Bamboo scaffolding and gleaming department stores, construction cranes looming over wooden villages, KFC and chopsticks, yak herders and cell phone abusers within miles of each other, communism and capitalism co-existing—China has more paradoxes than it does dialects. To visit China now is to witness a country revolutionizing itself in the cities and struggling to stay alive in the countryside. Wracked with ambiguity as it transforms rapidly from a socialist to a market economy, China is perched, it seems, at the edge of the world at the turn of the millennium.
While the West has focused its attention on human rights and continues to see China through the lens of Tiananmen, the country itself has imploded into a thousand perplexities.
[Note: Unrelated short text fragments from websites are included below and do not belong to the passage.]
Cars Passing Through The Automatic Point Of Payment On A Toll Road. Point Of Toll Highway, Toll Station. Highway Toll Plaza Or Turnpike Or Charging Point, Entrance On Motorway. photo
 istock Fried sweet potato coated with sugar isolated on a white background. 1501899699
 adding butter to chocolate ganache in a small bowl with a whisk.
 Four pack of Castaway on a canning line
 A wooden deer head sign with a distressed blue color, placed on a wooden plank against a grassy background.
While it is true that the more time one spends in China the more the country takes on an elusive sheen, the experience of living day to day, traveling from the markets to the elevated highways, from the desert to the city, along rivers and before incredible mountain ranges will undoubtedly stay with the visitor forever.
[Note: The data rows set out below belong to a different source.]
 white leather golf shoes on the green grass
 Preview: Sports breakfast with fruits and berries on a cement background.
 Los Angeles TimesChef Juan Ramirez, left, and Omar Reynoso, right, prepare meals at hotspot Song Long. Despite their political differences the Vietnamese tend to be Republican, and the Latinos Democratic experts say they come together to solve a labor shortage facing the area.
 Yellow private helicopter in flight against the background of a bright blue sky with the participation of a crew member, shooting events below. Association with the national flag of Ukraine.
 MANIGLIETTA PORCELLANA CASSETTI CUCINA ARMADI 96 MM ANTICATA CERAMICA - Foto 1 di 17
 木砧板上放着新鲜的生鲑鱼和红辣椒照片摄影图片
Beginning with the Xia dynasty and ending with the Qing, China has seen as many dynastic cycles spanning hundreds of years as the United States has seen presidents. Though the museums house some incredible artifacts and the Xian terra-cotta soldiers remain one of China’s most famous attractions, much of China’s cultural history and art were destroyed or transported swiftly to Taiwan during the Cultural Revolution. Nevertheless, from Mao’s years of social reconstruction to the resilient character of Deng Xiao Ping and his reform of the economy, what is fascinating about China today is the juxtaposition of the old and the new.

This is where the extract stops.